Everything below from the line with "Cuándo surge el" through the line with "Eclipse 7 Pro" should be copied exactly, and nothing else; leave out the pictures.

[Record extracts]
==================================================

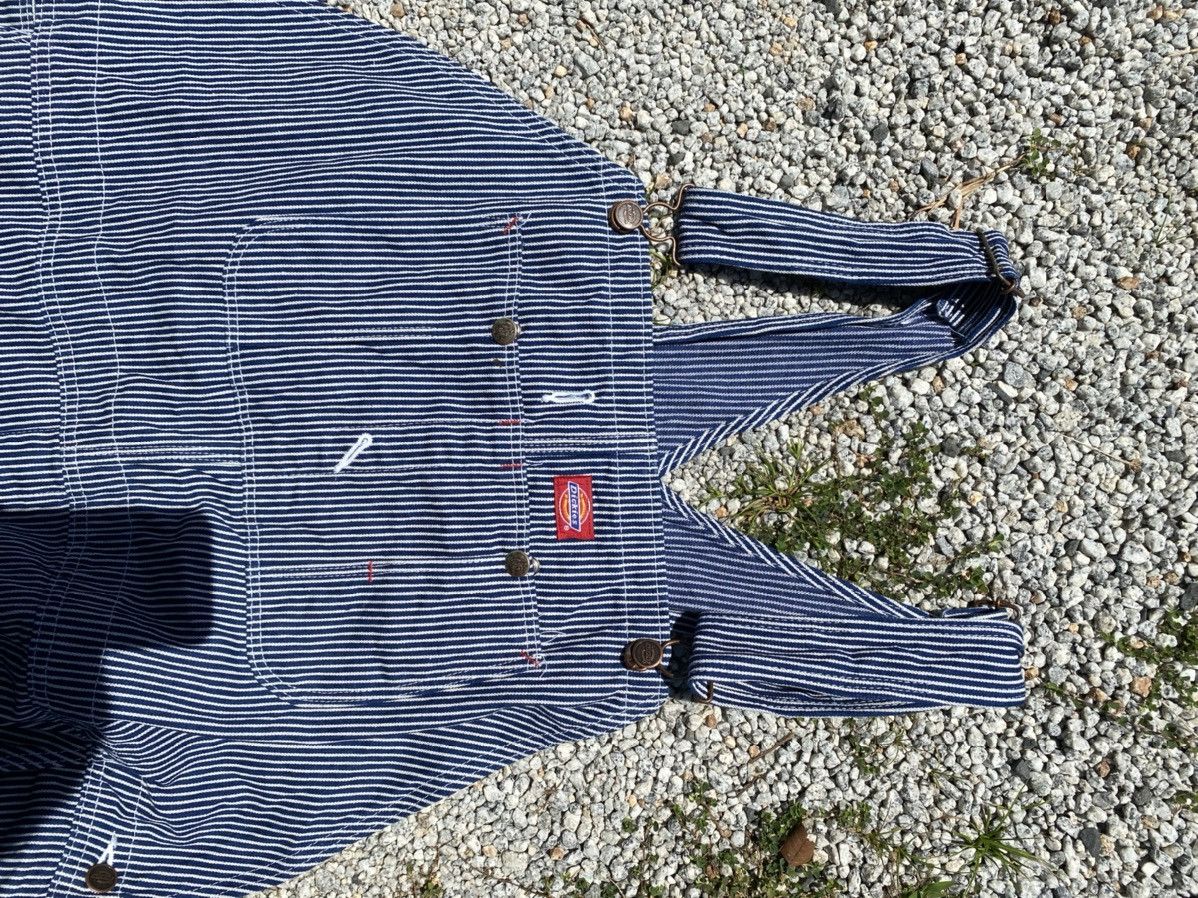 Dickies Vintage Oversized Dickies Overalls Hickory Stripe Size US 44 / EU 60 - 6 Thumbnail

==================================================

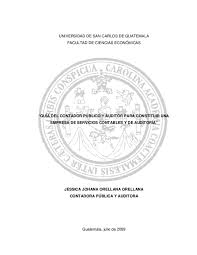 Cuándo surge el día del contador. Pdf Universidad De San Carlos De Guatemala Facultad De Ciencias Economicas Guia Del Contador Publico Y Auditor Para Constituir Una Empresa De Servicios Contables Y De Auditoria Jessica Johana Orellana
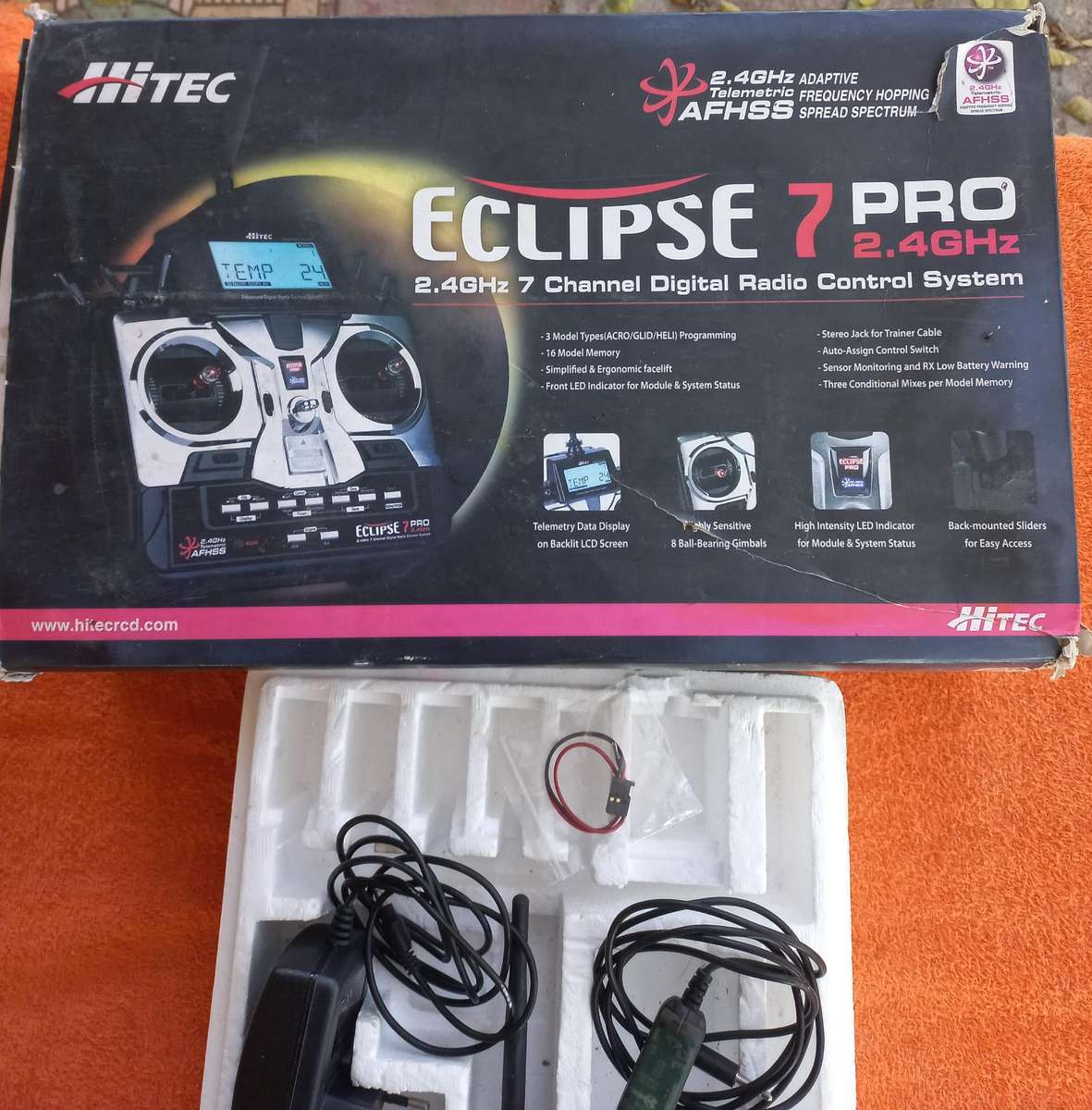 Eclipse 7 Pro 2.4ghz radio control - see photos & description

==================================================

[Solution to this exercise]
 Cuándo surge el día del contador. Pdf Universidad De San Carlos De Guatemala Facultad De Ciencias Economicas Guia Del Contador Publico Y Auditor Para Constituir Una Empresa De Servicios Contables Y De Auditoria Jessica Johana Orellana
 Eclipse 7 Pro 2.4ghz radio control - see photos & description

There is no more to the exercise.